Saturday, July 18, 2009
Gods And Comics!
I was recently reading Robert E. Howard's "Cairn On The Headland", a short story about a mysterious pile of rocks under which we discover is buried the body of Odin himself. As I read this story I flashed on images of Odin and his early days from the vintage comic book Tales of Asgard, a Thor annual which collected many of the earliest Tales of Asgard stories, stories that present the Nordic myths of the creation of the Universe and present us with a young and vital Odin.

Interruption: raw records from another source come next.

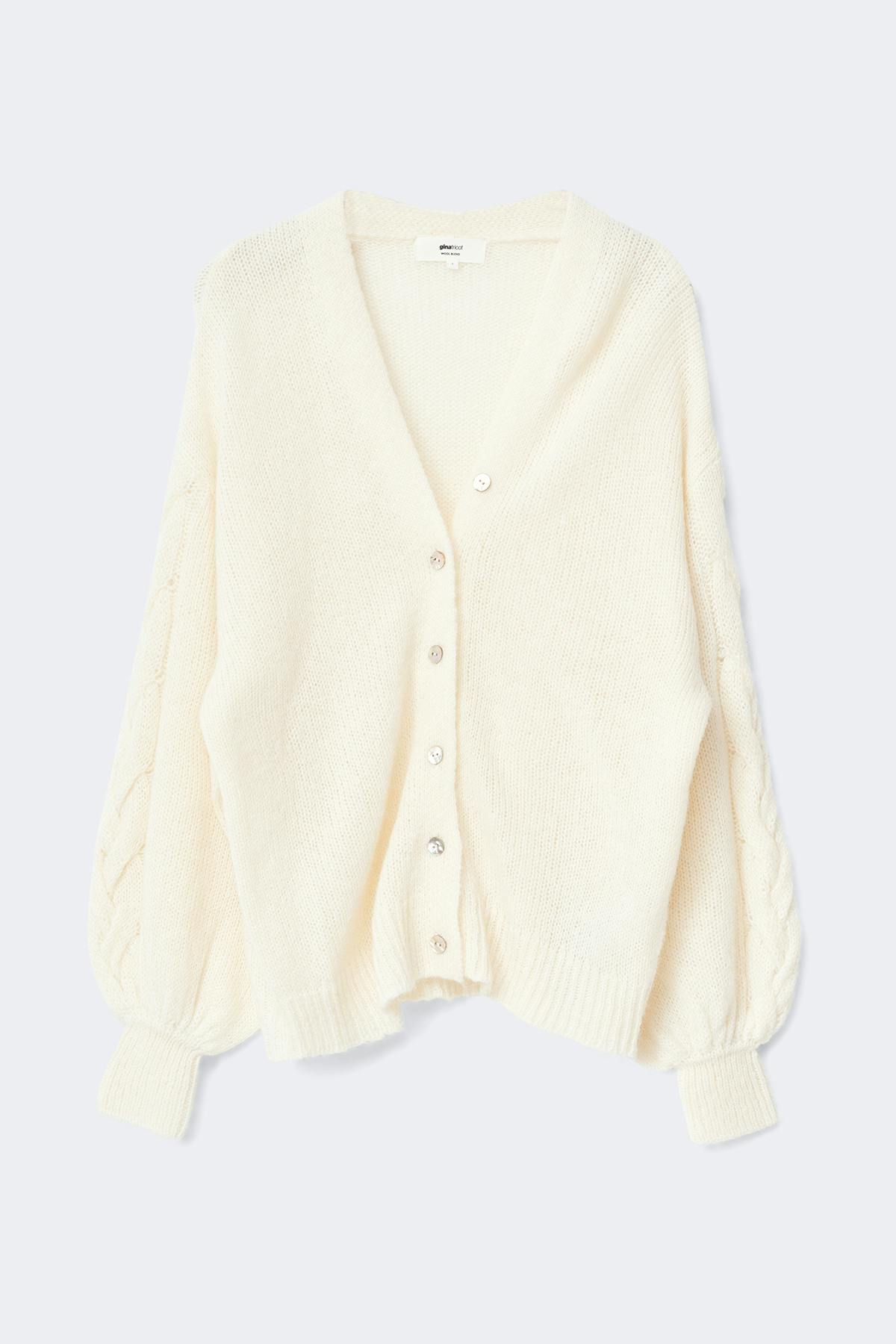 Chunky knitted cardigan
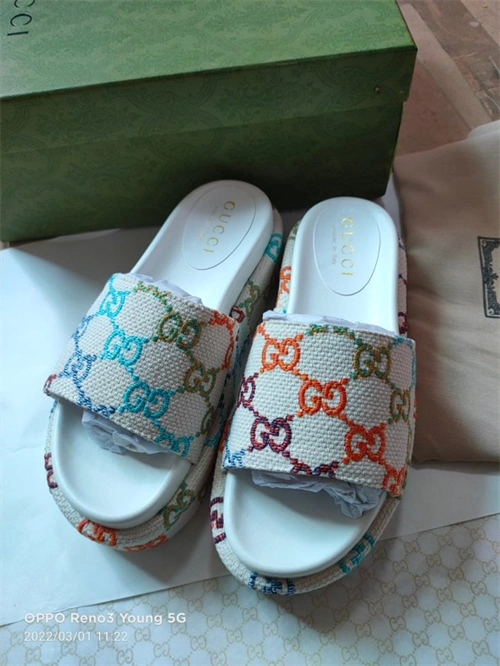 Rep MAX Gocci Slipper EyeCatching 5769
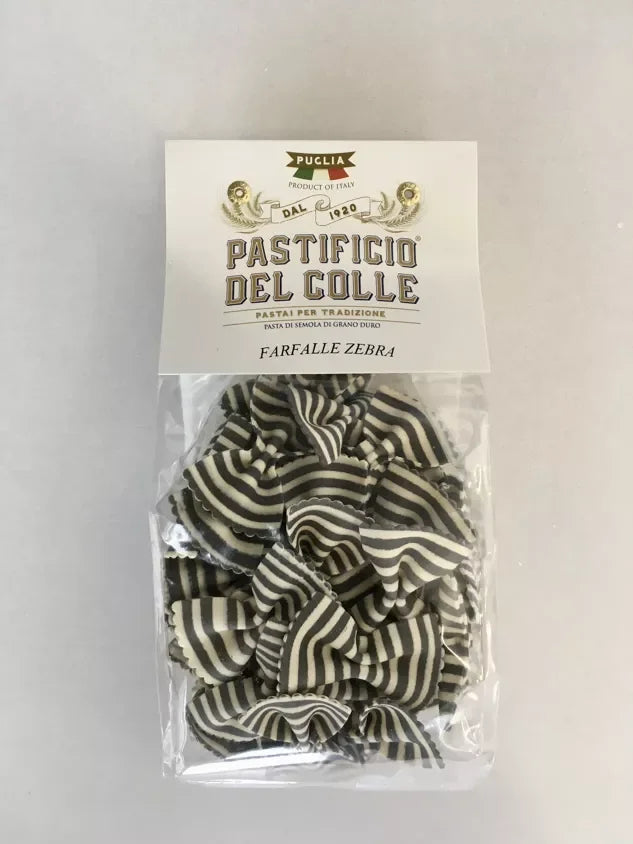 Bild einer Packung handgemachte Farfalle Zebra Pasta mit Schwarz-Weiß-Streifen.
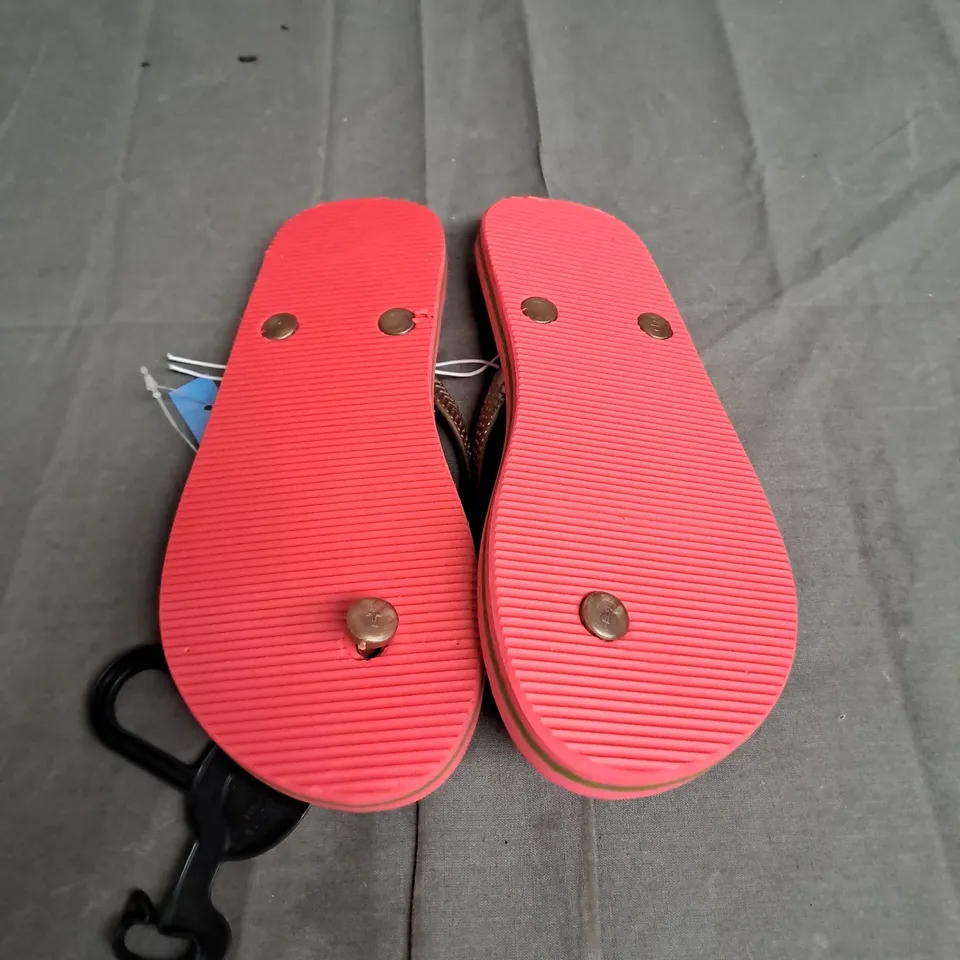 BOXED LOT OF APPROX. 25 PAIRS OF PINK FLIP-FLOPS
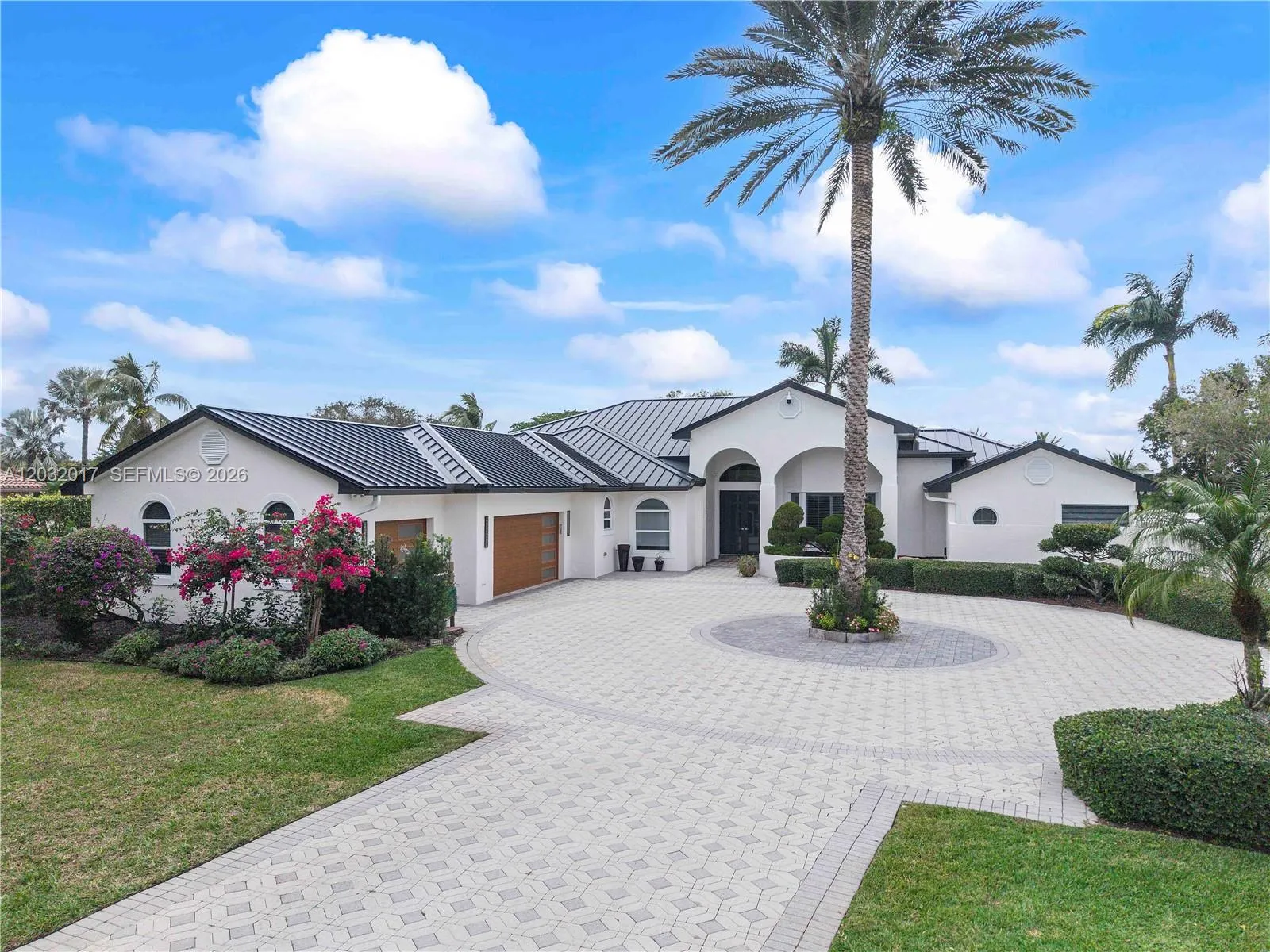 Foto de propiedad en 2235 SW 105th Terrace, Davie, FL 33324 Davie con MLS#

And then it crossed my mind that most of what I know casually about mythology comes from some basic comic book sources. Tales of Asgard and Thor inform my mutated understanding of Norse myth, despite having read many of the orignal sources and multiple books on the subject. All that scholarly stuff has been pushed into some deep recess and on it sits the vivid four-color images of "King" Kirby and others. What I know about Greek myth comes from Charlton's Hercules comic and other comics. Glanzman and Gill trump Edith Hamilton in my memory it seems. Also important was the Daularies' Book of Greek Mythwhich is a glorious oversized volume filled with bright images and good basic tale. It was one of the key books I had to buy for my own kids when they were young and I pushed it into their paths as often as I could.
Myth of all sorts permeates comics. Marvel doubtless has key elements of both Greco-Roman myth and Norse myth fused into its universe, forming almost a substrate for that universe. DC toys with it more, but offers up Hercules among others. In college I once talked a professor into letting me write a paper on Thor, and lots of it was about the comic. It was a really lame paper, but memorable in its awfulness.
But it's clear to me that without the "education" that I got from comics, my understanding of the world of myth and many other things would be quite different.